We reach the same conclusion regarding Darrow's prior inconsistent statement concerning Jones's aggression. Lay opinion about a person's behavior is admissible if it is rationally based on the witness's perception and helpful to a clear understanding of the witness's testimony. (Evid. Code, § 800; see, e.g., People v. Farnam (2002) 28 Cal.4th 107, 153 [testimony that defendant stood " 'in a posture like he was going to start fighting' "]; People v. Moreno (1973) 32 Cal.App.3d Supp. 1, 5, 7-8 [testimony that defendant provoked the incident]; People v. Harris (1969) 270 Cal.App.2d 863, 872 [testimony that it looked as if defendant was trying to break up fight].) Although the proffered evidence indicated Darrow told the deputy it was her "impression" Jones instigated the fight and may have shot at defendant, defense counsel was entitled to elicit testimony about whether she made the statement, and, if so, to inquire about the observations that gave rise to this impression. Because aggression can be displayed by overt behavior, Darrow's impression that Jones instigated the fight and may have shot could well have been based on something she saw or heard rather than on mere speculation. (Contrast People v. Thornton (2007) 41 Cal.4th 391, 429 [trial court could reasonably rule that asking whether two vehicle occupants were acting as if they knew each other called for speculation].) The trial court abused its discretion in precluding defense counsel from pursuing this line of inquiry to support the self-defense theory.

However, the exclusion of these evidentiary items was harmless even if we apply the more stringent harmless-beyond-a-reasonable-doubt standard for federal constitutional error. (See People v. Pollock (2004) 32 Cal.4th 1153, 1173 [harmless-beyond-a-reasonable-doubt standard applies if evidentiary ruling deprives defendant of "meaningful opportunity to present a defense"]; People v. Boyette (2002)29 Cal.4th 381, 428-429.) An error is harmless beyond a reasonable doubt if there is no reasonable possibility the error contributed to the jury's guilty verdict; i.e., if the error was unimportant in relation to everything else the jury considered on the issue in question. (People v. Saavedra (2007) 156 Cal.App.4th 561, 569.) Here, there is no reasonable possibility the jury would have credited defendant's self-defense claim even if it had heard the testimony that Whitley found a gun next to Jones's body and that Darrow perceived Jones as the instigator and possible first shooter. Assuming arguendo the jury might have concluded from this evidence that Jones used his gun aggressively just before defendant shot him, the record contains overwhelming evidence that defendant did not act in legitimate self-defense, whether perfect or imperfect.

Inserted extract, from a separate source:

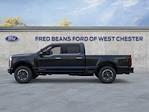 2026 Ford F-250 Crew Cab 4x4 Pickup for sale #W60028 - photo 3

As the jury was instructed, self-defense is not available to a defendant who contrives the need to use force to defend him or herself. Under the doctrine of contrived self-defense, "[s]elf-defense is not available as a plea to a defendant who has sought a quarrel with the design to force a deadly issue and thus, through his fraud, contrivance, or fault, to create a real or apparent necessity for killing." (People v. Hecker (1895)109 Cal. 451, 462.) As stated in Fraguglia v. Sala (1936) 17 Cal.App.2d 738, 743: " 'The law does not permit any person to voluntarily seek or invite a combat, or to put himself in the way of being assaulted, with the purpose that he may have a pretext to injure his assailant. The right of self-defense does not imply the right of attack, and it will not avail in any case where the difficulty is set off and induced by the party, by any wilful act of his, or where he voluntarily and of his own free will enters into it. The necessity being of his own creation, will not operate to excuse him.' "

Regarding the contrived self-defense principle, the jury was instructed: "The right of self-defense is not available to a person who seeks a quarrel with the intent to create a real or apparent necessity of exercising self-defense." (See CALJIC No. 5.55.)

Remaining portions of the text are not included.